Israel on Thursday played down media reports of heightened tension along the Syrian border, insisting that there was little likelihood of military confrontation between the two neighbors.
"Israel has no intention of attacking Syria, and the latter says only it is ready to respond to any attack, so the risk of a military confrontation is very low," Deputy Prime Minister Haim Ramon told public radio.
His comments came as Israeli newspapers splashed front-page stories claiming the Israeli military was on high alert along the border amid reports that Syria has been boosting its armed forces.
The Jerusalem Post said the increased tension along the border, as well as in the Gaza Strip, led Defense Minister Ehud Barak to cancel a planned trip to Germany.
Defense spokesman Shlomo Dror told AFP Syria has staged military maneuvers and made other preparations for possible confrontation in the event Hezbollah seeks to avenge the February 12 killing of its military leader Imad Mugniyah, which the Shiite militia blames on Israel.
"The number of signs indicating that the attack is brewing is taking shape and is approaching," the Yedioth Ahronoth daily said. "And the more these signs accumulate -- unusual movements, meetings between various figures, information from all sorts of sources -- the more the temperature rises," it wrote.
The London-based Al-Quds al-Arabi on Wednesday reported that Syria had deployed three armored divisions and nine infantry brigades near the border with Lebanon's Bekaa Valley, fearing Israeli forces may infiltrate the area.

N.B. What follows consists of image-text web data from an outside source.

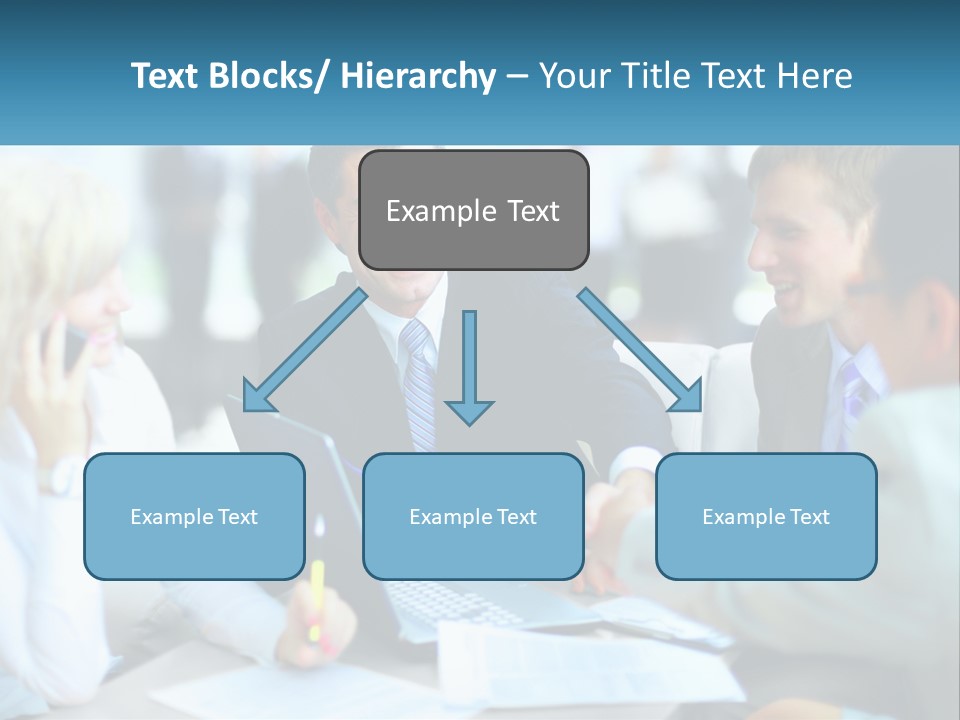 A Group Of People Sitting Around A Table Shaking Hands PowerPoint Template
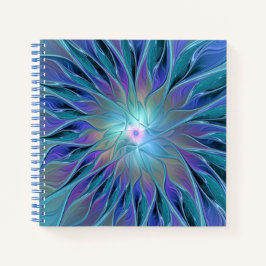 Blue Purple Flower Dream Abstract Fractal Art Notitieboek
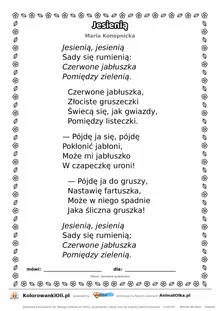 Jesienią (Maria Konopnicka) — tekst wiersza do druku A4 z ramką do pokolorowania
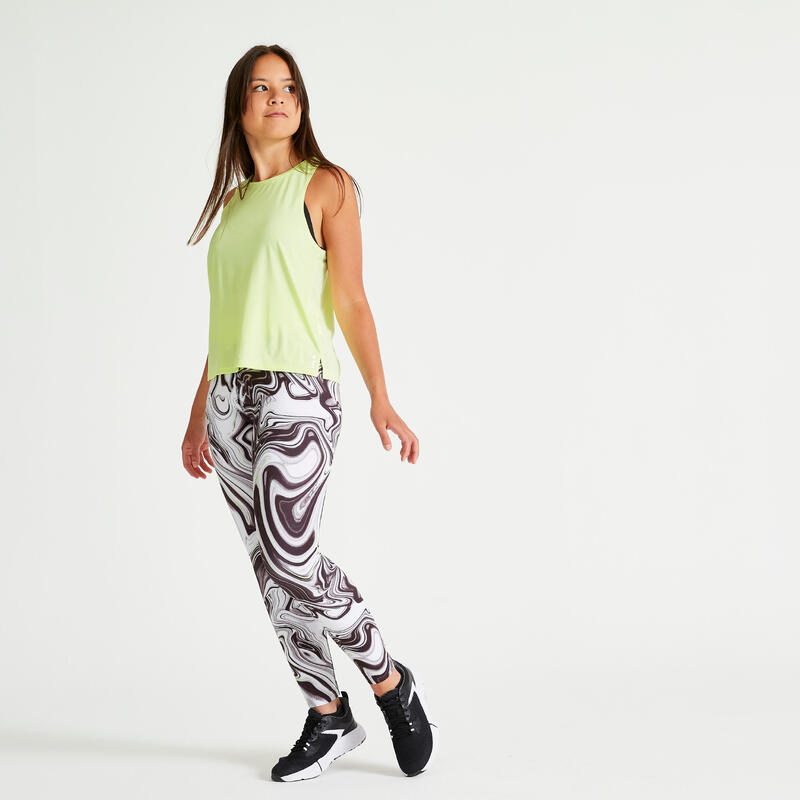 Sportleggings Damen mit hohem Taillenbund - bedruckt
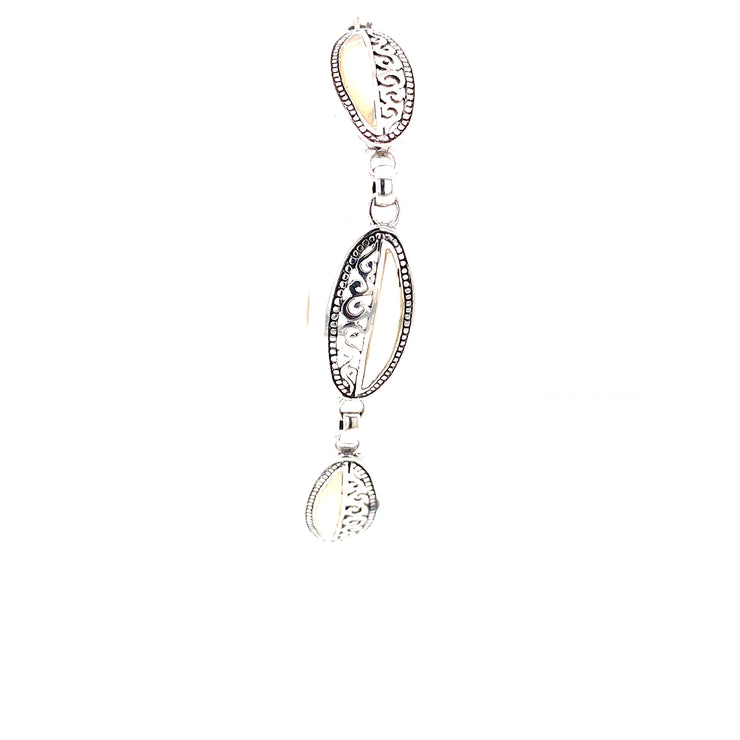 Sterling Sliver and Mother of Pearl Station Bracelet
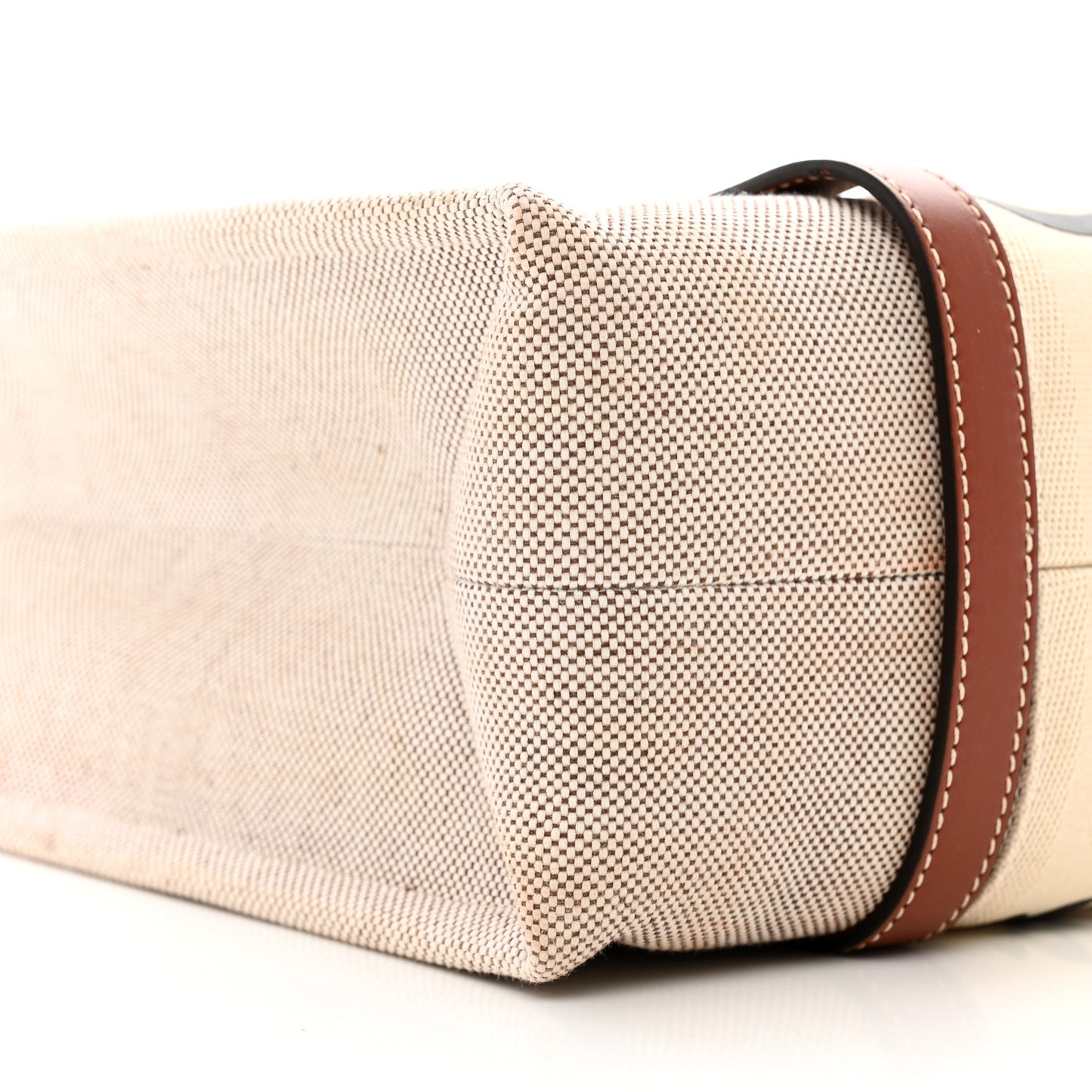 Cotton Calfskin Medium Woody Ribbon Tote White Brown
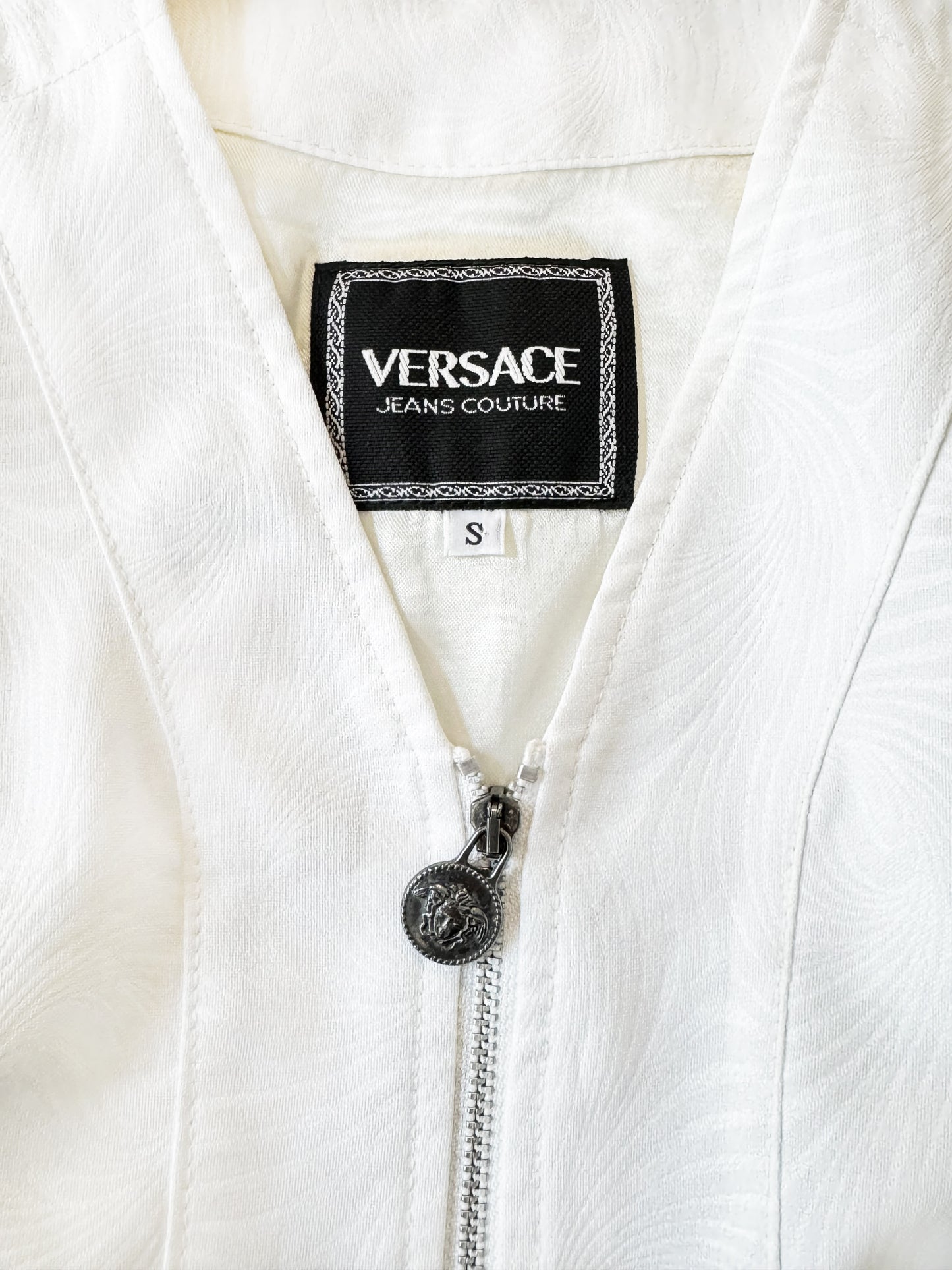 Versace 1990s Jeans Couture White Zip-up Vest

But General Dan Harel, Israel's deputy chief of staff, also dismissed the likelihood of confrontation with Syria.
"Neither of the two parties wants such a conflict," he said. "What is certain is that Israel is the most powerful country in the region and that our response to any aggression would be very tough," he added.

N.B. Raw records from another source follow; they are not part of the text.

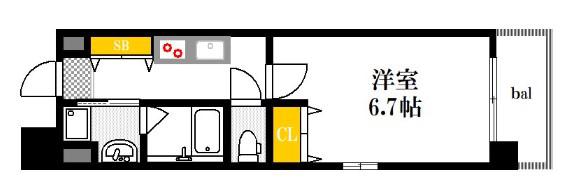 ISI BLDG FUNAIRI(1K/6階)の間取り写真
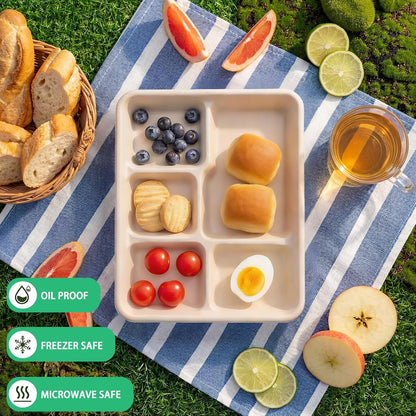 WELLIFE 100% Compostable 5 Compartment Paper Plates, 100 Pack Disposable School Lunch Trays Divided Plates for Adult Youth, 12.5 * 8.6 inch Heavy Duty Eco-Friendly Bagasse Plate for Buffet and Party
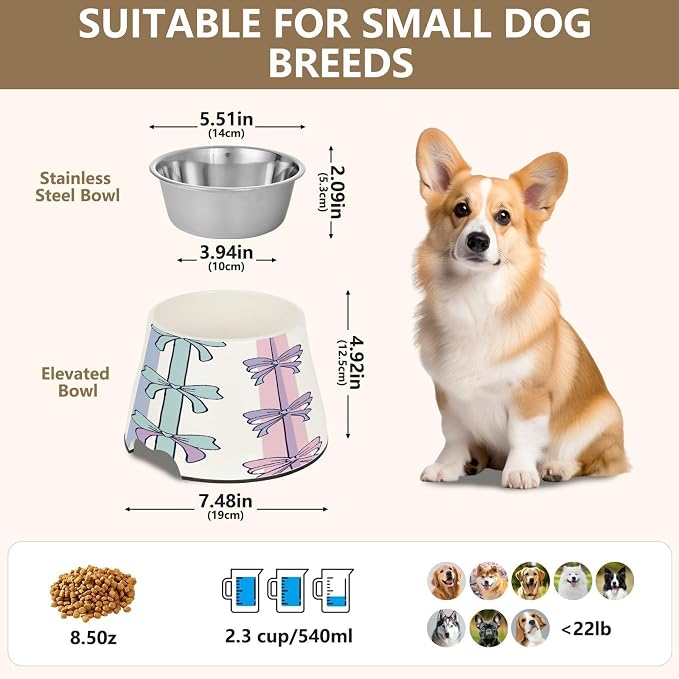 YETTASBIN Bow Elevated Dog Bowls, Prevention of Vertebrae Disease Raised Dog & Cat Bowl Stand with Removable Stainless Steel Bowls, Non-Slip Spill-Proof Pet Food & Water Bowl Dish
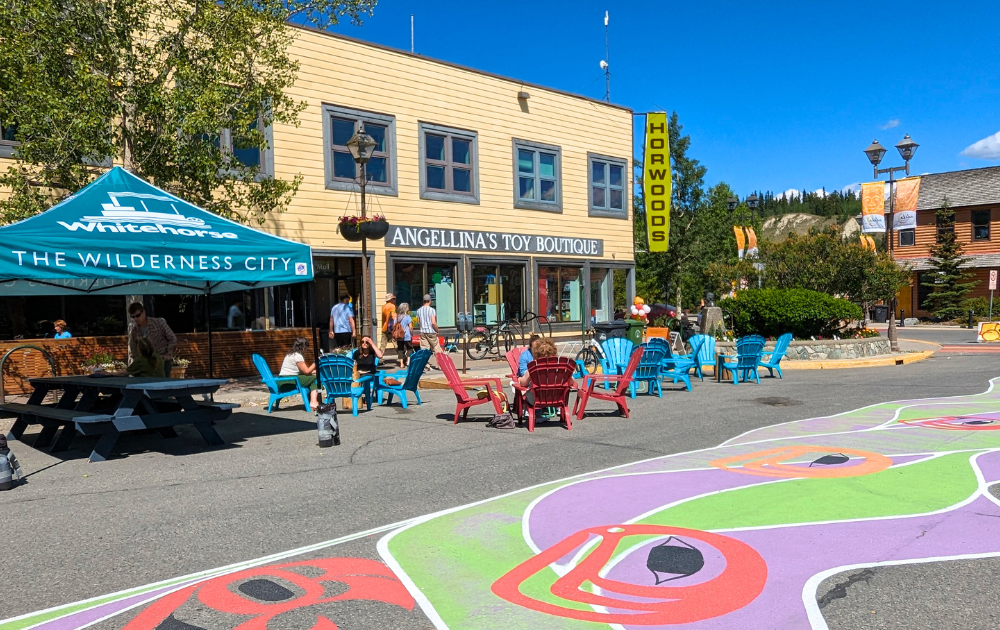 Main Street in Whitehorse, YK was closed to cars throughout the summer of 2023 as a pilot activation. Photo taken by Sonali Praharaj, 2023. 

Ramon stressed that Israel remained interested in holding talks with Damascus.
"We are constantly assessing whether peace negotiations with Syria are possible. Unfortunately that country is deeply anchored in its relations with the axis of evil of Iran and Hezbollah," said the close ally of Prime Minister Ehud Olmert.
"The prime minister has sent several messages indicating that we are ready to hold negotiations, but Syria refuses to give up terrorism and join moderate nations," Ramon said.
The last round of negotiations between the two neighbors, technically at war since 1948, broke down in 2000 over disagreements over the strategic Golan Heights plateau, which Israel seized in the 1967 war and annexed in 1981.